Fantastic After 40
By Pam Farrel
There are currently more than 43 million women in America ages 40-60. Baby Boomers today represent 28 percent of the U.S. population, of which approximately 38 million are women. How do we reach them? To quote Jesus in Matthew 9:37-38, "The harvest is plentiful but the workers are few. Ask the Lord of the harvest, therefore, to send out workers into his harvest field."
In my early forties, I was a director of women’s ministry and an author and speaker. What I noticed in my own church and in the audiences of women where I spoke was that a majority of women were parenting teens, college, or adult children as they also balanced their own perimenopausal or menopausal issues. A few were chasing a toddler and coping with hot flashes at the same time! These were incredible women, often at the peak of their careers or carrying numerous volunteer positions in the church and community. They were caring for others. I had to ask, “Who is caring for them?”

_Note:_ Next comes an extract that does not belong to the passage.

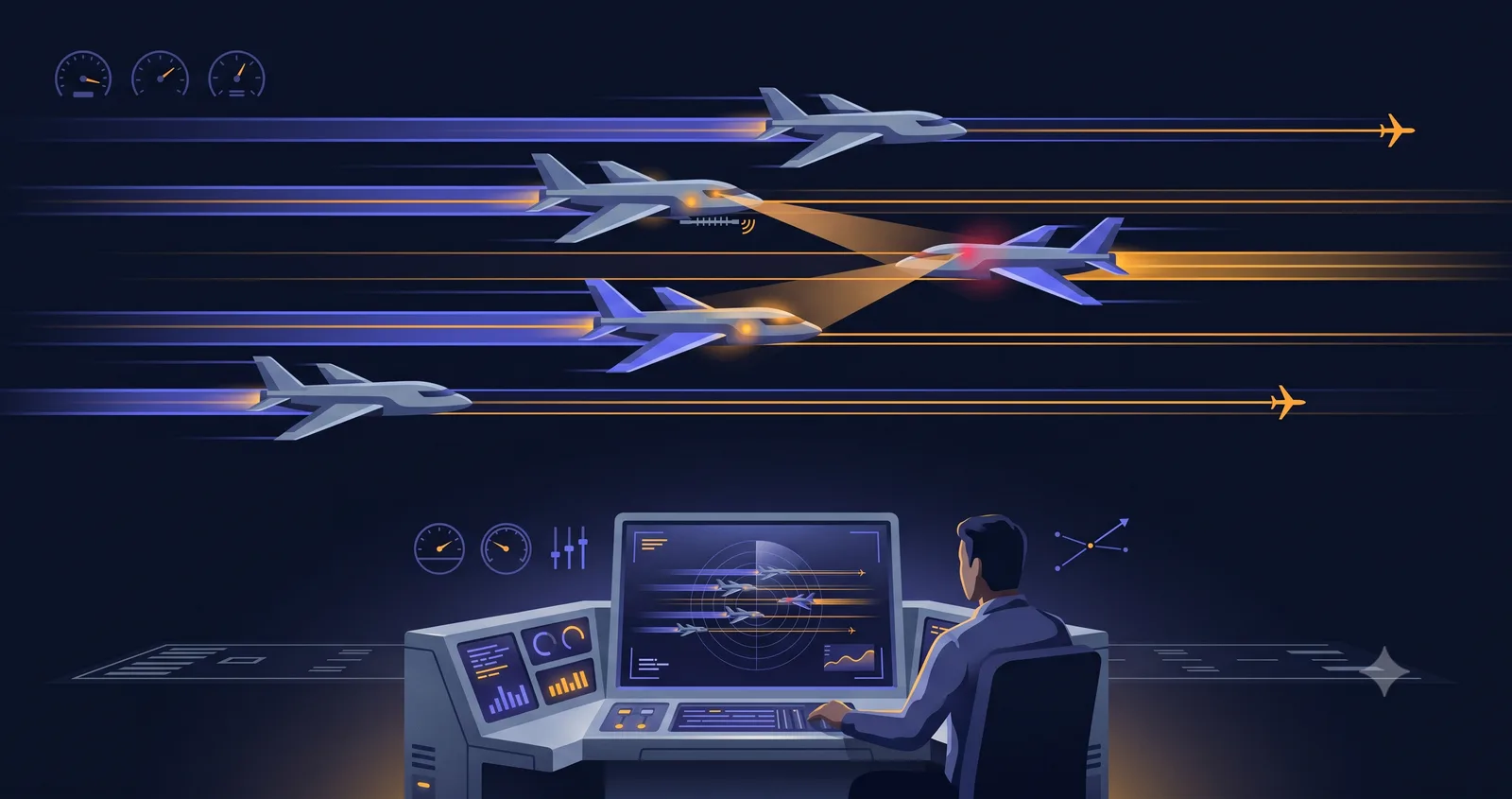 Une escadrille d'avions autonomes dirigée depuis le sol par un contrôleur radar humain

When my son was a senior, I experienced the emotions of the pending empty nest, so I gathered some friends around me and said, "I want to be a woman who finishes well." I believe the rest of life can be the best of life. It seems like life’s second half can be filled with so many lovely moments: graduations, weddings, grandchildren, and for some of us, precious wedding anniversaries. But it can also be a challenge, this midlife adventure: husbands dealing with midlife issues or deciding to leave, health issues, parenting, adjusting to being an in-law, plus personal health issues. "I need some sisters around me," I said, "who want to hold onto Jesus and travel life’s second half with a positive attitude. Are you with me?" I got a hearty, "Amen!"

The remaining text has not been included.